Skip all pictures. Write out the data below from its first line through the line that contains "Verse 18: You".
┌────────
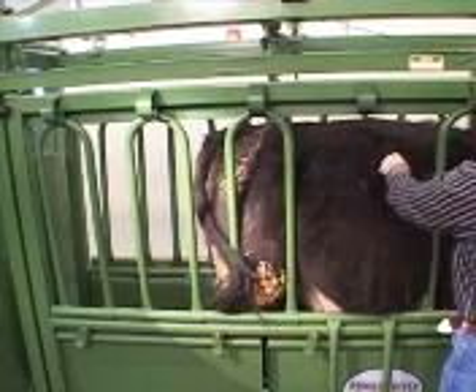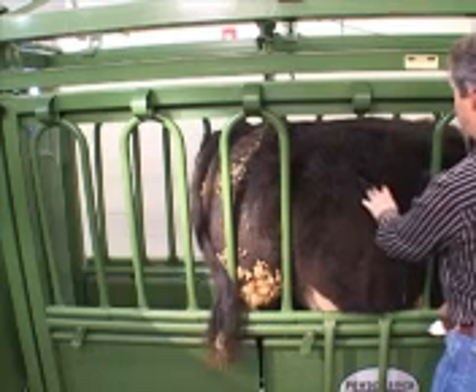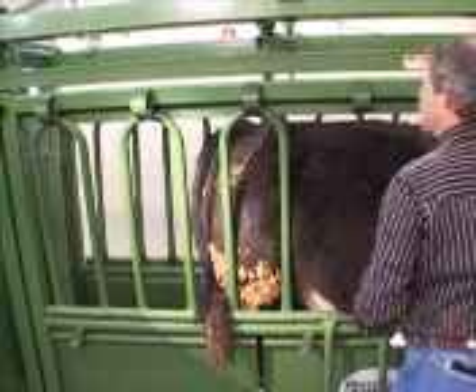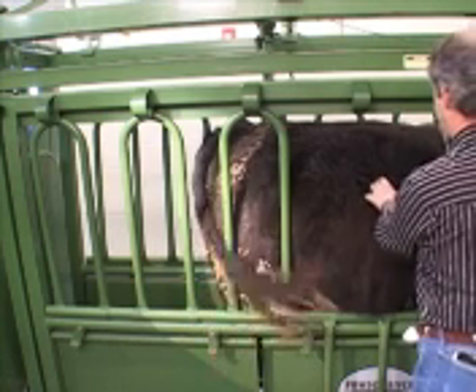That way I can count the ribs without catching that extra rib if they happen to have one. You did get me a fat one, didn't you? And the more obese they are, the more difficult it is as far as being able to count your ribs.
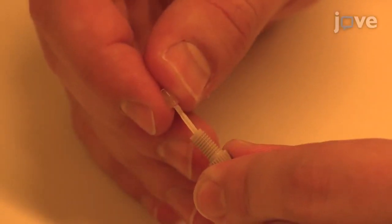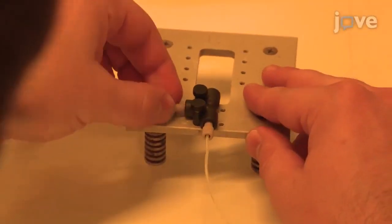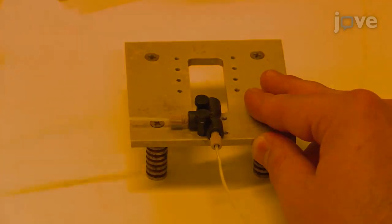Next, attach a fitting and a corresponding ferrule to the end of a second PTFE tube. Then, screw the tube to the lateral arm of the T-junction.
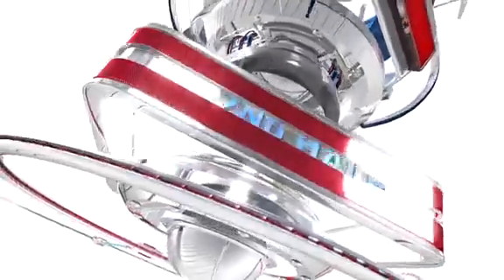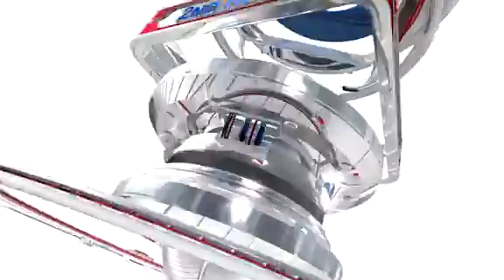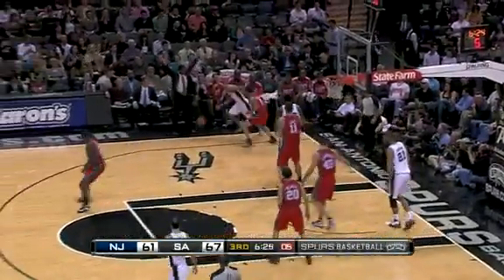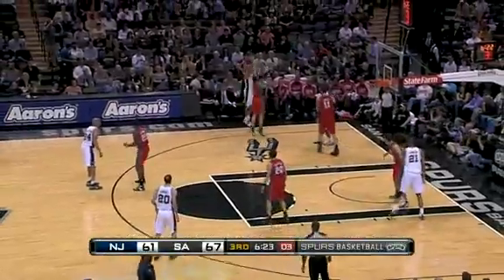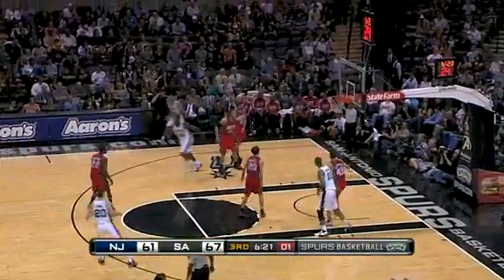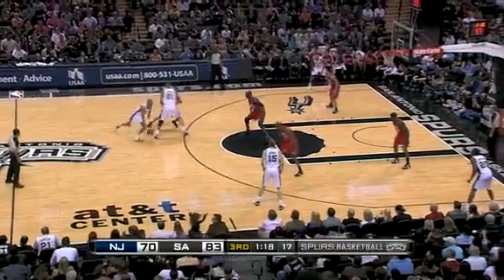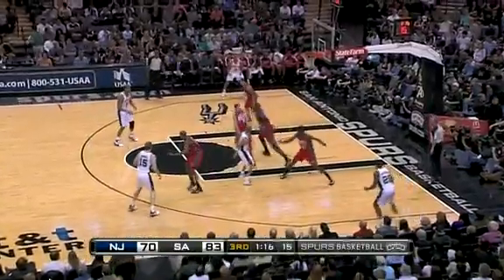Just three points in the first half as he's getting acclimated to his teammates. Five seconds left on the shot clock in the third quarter — Tony Parker, what's he gonna do? Just pulls up, takes the shot — pure, right through the hole.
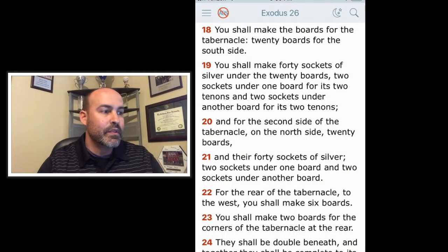Verse 18: You shall make the boards for the tabernacle — 20 boards for the south side. You shall make 40 sockets of silver under the 20 boards, two sockets under one board for its two tenons and two sockets under another board for its two tenons. And for the second side of the tabernacle on the north side, 20 boards and 40 sockets of silver, two sockets under one board and two sockets under another board.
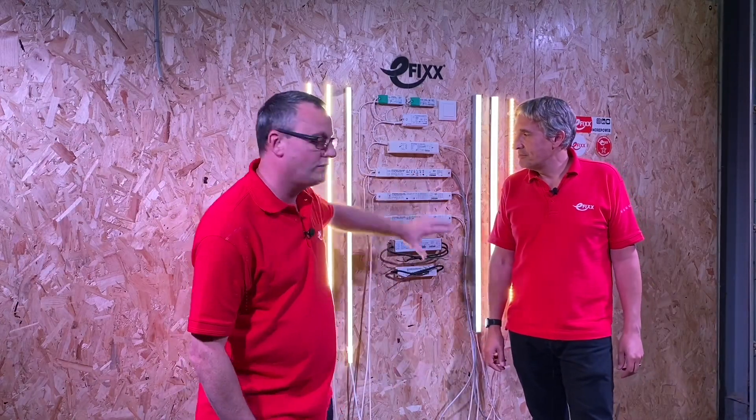In a continuation of a series of videos on LED strip — something he likes to call LED tape — today we're going to look at the drivers and we're going to be looking at the symbols on those drivers. Before I kick him in to tell us all those symbols, I'm going to take a little bit of slack off you Gordon and I'm going to go first.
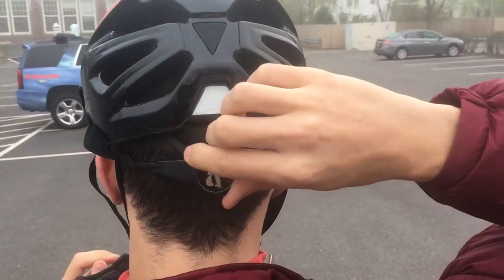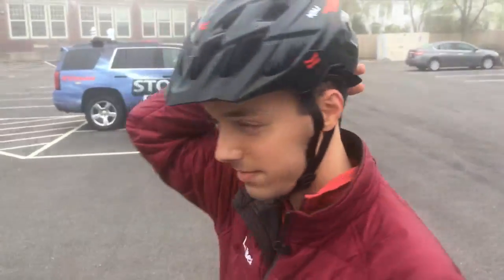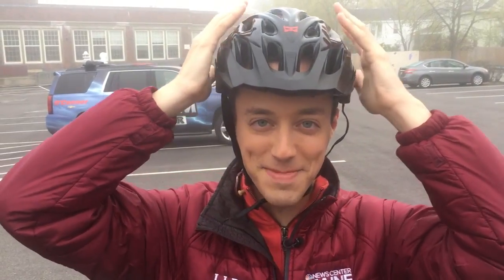Let's see if I can put this on here. There we go, and then tighten it in the back. I feel like it's cutting off the circulation to my head. Alright, we'll see you guys throughout the show.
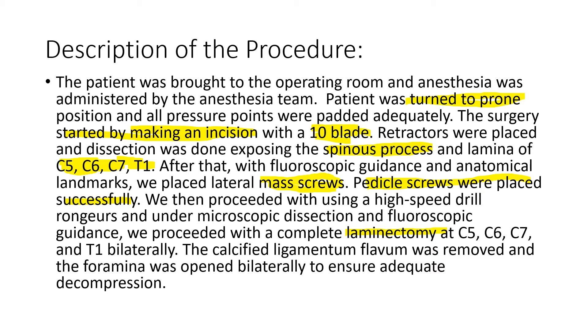The C5 ligament was removed and the foramen was opened bilaterally to ensure decompression.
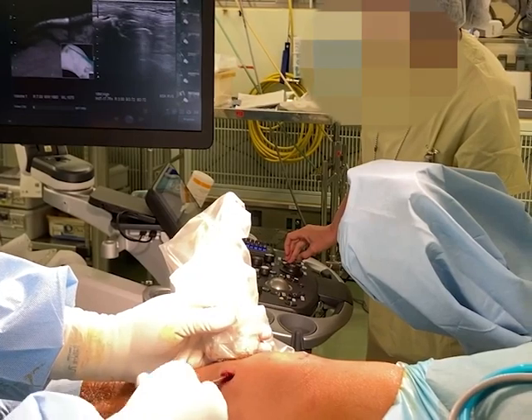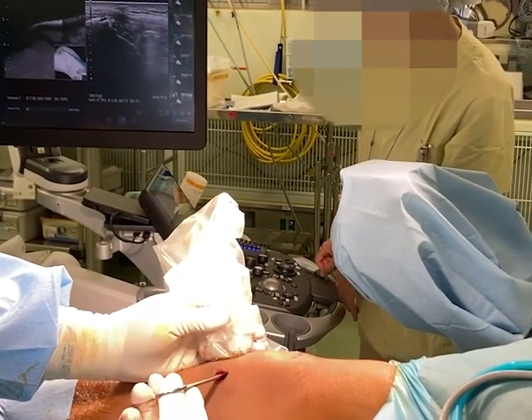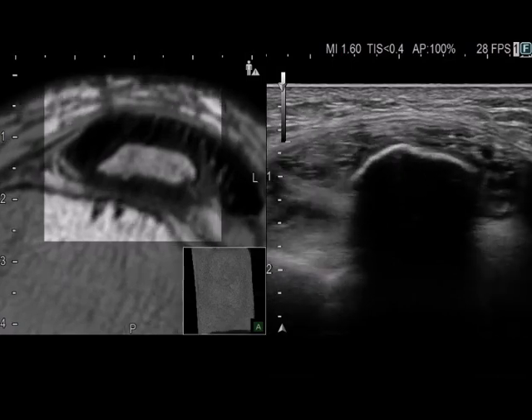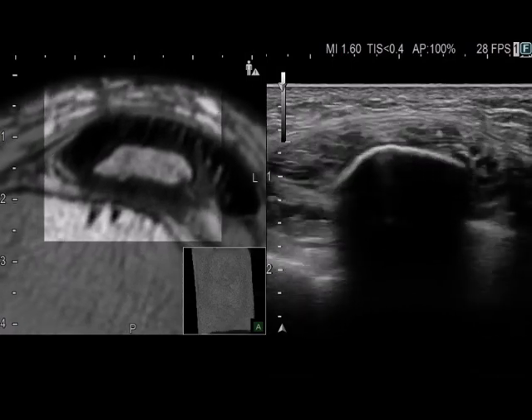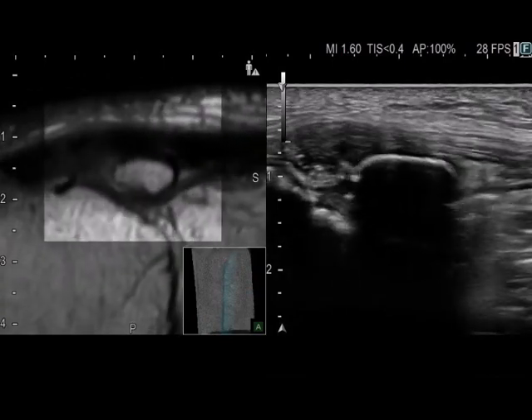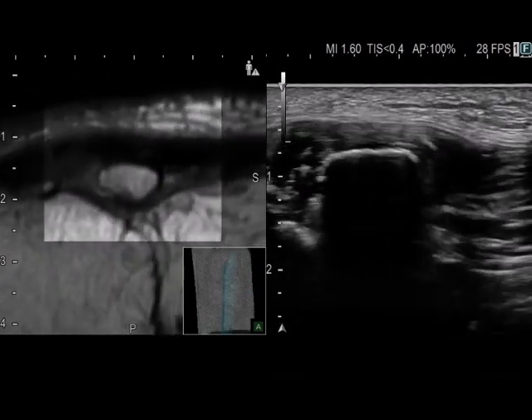The sonographic probe, covered with a sterile sleeve, is placed longitudinally at the level of the tuberosity. From a 1.5 cm longitudinal skin incision at the medial side of the tuberosity, the forceps is inserted to peel the patellar tendon off the posterior side of the ossicle.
└────────
TASK RESPONSE:
That way I can count the ribs without catching that extra rib if they happen to have one. You did get me a fat one, didn't you? And the more obese they are, the more difficult it is as far as being able to count your ribs.
Next, attach a fitting and a corresponding ferrule to the end of a second PTFE tube. Then, screw the tube to the lateral arm of the T-junction.
Just three points in the first half as he's getting acclimated to his teammates. Five seconds left on the shot clock in the third quarter — Tony Parker, what's he gonna do? Just pulls up, takes the shot — pure, right through the hole.
Verse 18: You shall make the boards for the tabernacle — 20 boards for the south side. You shall make 40 sockets of silver under the 20 boards, two sockets under one board for its two tenons and two sockets under another board for its two tenons. And for the second side of the tabernacle on the north side, 20 boards and 40 sockets of silver, two sockets under one board and two sockets under another board.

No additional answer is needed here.